As Twitter moves towards IPO it has shown that it can sustain its plans for business growth and increase its social revenue. A new report indicates that Twitter has significantly increased its social Revenue Per Visitor (RPV) year on year.
The Social Intelligence Report for Q3, released by Adobe highlights and compares social revenue per visitor for Facebook,Twitter and Pinterest.
It is based on consumer data to brand sites throughout 2012 and up to September 2013. It is comprised of aggregated and anonymous data from retail, media and entertainment, and travel websites.
The report pulls data from over 400 million unique visitors to social sites, 131 billion Facebook ad impressions, 1.04 billion Facebook posts and 4.3 billion Facebook likes, comments and shares.
Facebook’s RPV increased from $0.67 in 2012 to $0.93 to September 2013 – a 39 percent increase year on year (YOY).
Pinterest’s RPV increased from $0.22 in 2012 to $0.55 to September 2013 – a 150 percent increase year on year.
Twitter’s RPV increased from $0.11 in 2012 to $0.44 to September 2013. Whilst its RPV is not as high as either Facebook or Pinterest it represents a 300 percent increase in both first click and last click attribution models.
First click attribution and last click attribution are the clicks the consumer makes towards purchasing an item or service.
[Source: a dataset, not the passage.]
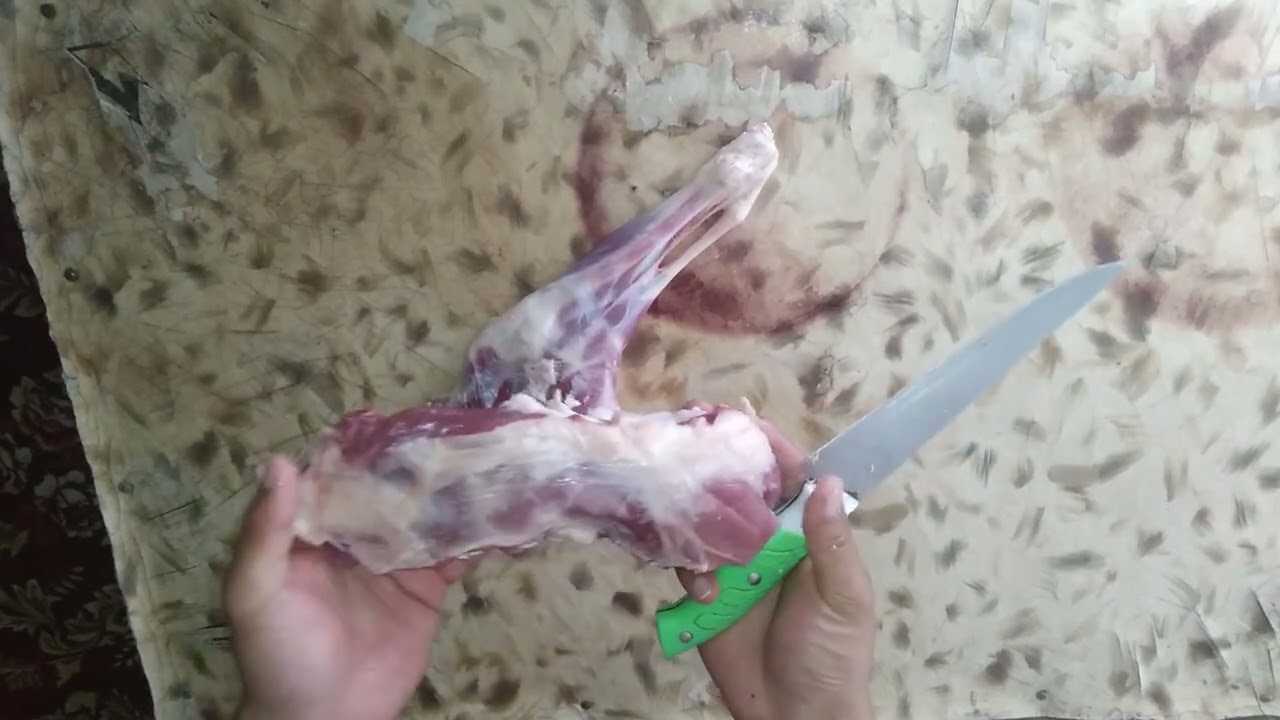Қойдың артқы аяғын жіліктеу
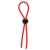 Красное эрекционное лассо с одной бусинкой-утяжкой STRETCHY THICK LASSO - Dream Toys - в Вологде купить с доставкой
Social first click RPV is 116 percent higher than last click RPV.
Facebook still dominates the market in terms of social referred visits but Twitter is catching up fast with a 258 percent increase in visits year on year.
Social sentiment is on the rise too.The UK has the most positive attitude in social media amongst English speaking countries -- almost ten percent higher than in the US and Australia. Even a fraction of a difference in social sentiment can make an impact on business results.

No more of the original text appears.